[uf-discuss] hReview for Stocks
John Panzer
jpanzer at aol.net
Wed Feb 1 19:12:58 PST 2006
Tantek Çelik wrote:
>On 2/1/06 2:27 PM, "John Panzer" <jpanzer at aol.net> wrote:
>
>>Would this be acceptable as a structured "fn"?
>>
>><a class="item fn" href="..."><abbr title="NYSE:TWX">Time Warner,
>>Inc.</abbr></a>
>
>
>Well, you could use that markup, but there are several questionable things
>going on here.
>...
>
>2. Both "NYSE" and "TWX" are abbreviations and thus proper use of <abbr>
>requires that they be *inside* the abbr rather than an attribute. e.g.
>
><abbr title="New York Stock Exchange, Time Warner Inc. common
>stock">NYSE:TWX</abbr>
>
Hm. I disagree with this, or at least I need a clarification. I don't
see a fundamental difference between using <abbr title="NYSE:TWX">Time
Warner</abbr> and using <abbr title="20050125">January 25th</abbr>? [1]

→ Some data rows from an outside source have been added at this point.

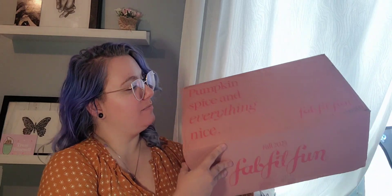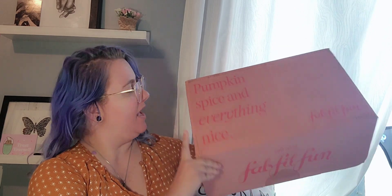Hello pretty geeks and welcome to this season's FabFitFun unboxing. It is pumpkin spice and everything nice season. We're getting ready to welcome in fall. I am not a fan of pumpkin spice though. I love how much apple everything comes out this season, and it's the tail end of cherry picking season around where I am. So cherry and apple everything — I am so ready.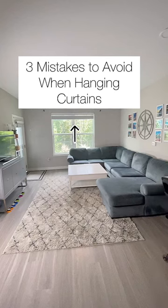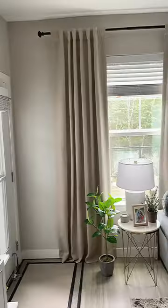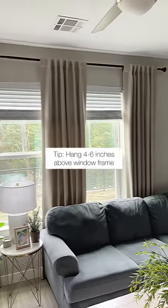Are you making these common curtain mistakes? Number one: hanging the curtains too low. Look how tall the room looks with the curtains hung higher.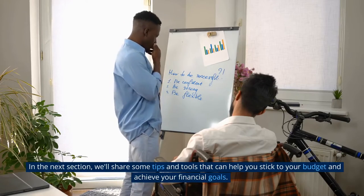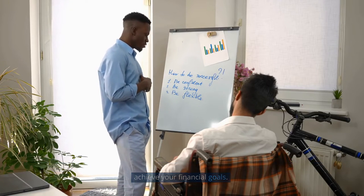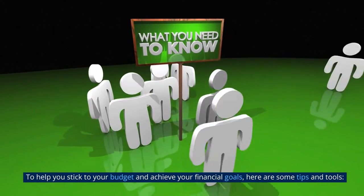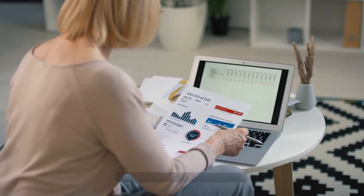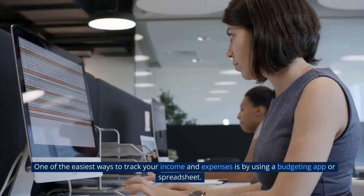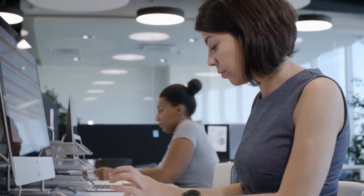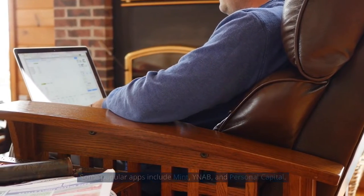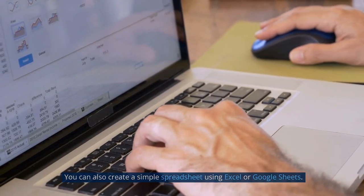In the next section, we'll share some tips and tools that can help you stick to your budget and achieve your financial goals. Use a budgeting app or spreadsheet. One of the easiest ways to track your income and expenses is by using a budgeting app or spreadsheet. Some popular apps include Mint, YNAB, and Personal Capital. You can also create a simple spreadsheet using Excel or Google Sheets.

Specificially, in this particular context, "Time Warner" is the simple,
human readable, friendly, but possibly ambiguous abbreviation of the
stock ticker symbol NYSE:TWX. Just as "January 25th" is the simple,
human readable, but ambiguous abbreviation of "20050125".
The key distinction here is that I'm not using NYSE or TWX as
abbreviations for anything in this particular context; together they're
forming a unique identifier whose constituents happen to map pretty well
to certain English words. But they don't always; there was a time period
when "AOL" was the NYSE ticker symbol for the company officially named
"Time Warner".
From http://microformats.org/wiki/cite for example:
> Finally, if the format of the data according to the original schema
is too long and/or not human-friendly, use <abbr> instead of a generic
structural element, and place the literal data into the 'title'
attribute (where abbr expansions go), and the more brief and human
readable equivalent into the element itself.